Zunächst der Hintergrund: Winston Churchills berühmte Rede 1946 in Zürich, in der er sagte: „Wir sollten eine Art Vereinigte Staaten von Europa aufbauen.“ Das Ergebnis war die Gründung des Europarates im Jahre 1949, der umgehend mit einem großen Bereich und einer großen Reichweite, aber mit wenig realer Macht ausgestattet wurde. Die Beschlüsse seines Ministerrates müssen einstimmig sein[5], d.h., jede Regierung hat ein Vetorecht. Der Europarat ist nur eine weitere zwischenstaatliche Organisation, nichts mehr und nichts weniger.

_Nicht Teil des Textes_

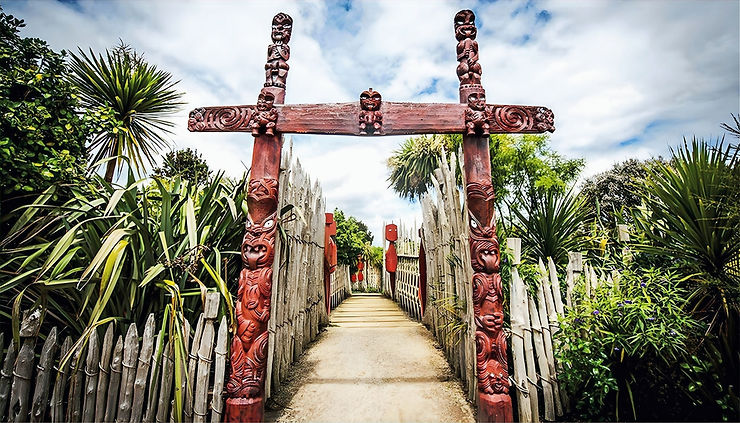 Hamilton Gardens, New Zealand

Ganz anders war der in der Erklärung vom 9. Mai 1950 angekündigte, vom französischen Außenminister Robert Schuman in Zusammenarbeit mit Jean Monnet entwickelte Plan zur Schaffung einer Montanunion.[6] Hier war der Bereich auf zwei Länder, Frankreich und die Bundesrepublik Deutschland, begrenzt, die Reichweite beschränkte sich auf Kohle und Stahl, aber die Organisation war echt supranational. Die Vereinigung ging auf eine Erkenntnis zurück, die häufig Marxisten zugeschrieben wird, nämlich, daß die wirtschaftliche Organisation die Basis sei. Im Werner-Bericht[7] ist dies folgendermaßen ausgedrückt: „Die Wirtschafts- und Währungsunion erscheint somit als ein Ferment für die Entwicklung der politischen Union, ohne die sie (die Gemeinschaft) auf die Dauer nicht bestehen kann.“

Diese Erkenntnis ist in der Tat das gemeinsame Erbe von Konservativen, Liberalen wie Marxisten. Sie stammt aus einer Ära, die vielleicht um die Zeit der Industriellen Revolution begann, und zeigt sich heute noch fast genauso von Produktion und Produktivität fasziniert.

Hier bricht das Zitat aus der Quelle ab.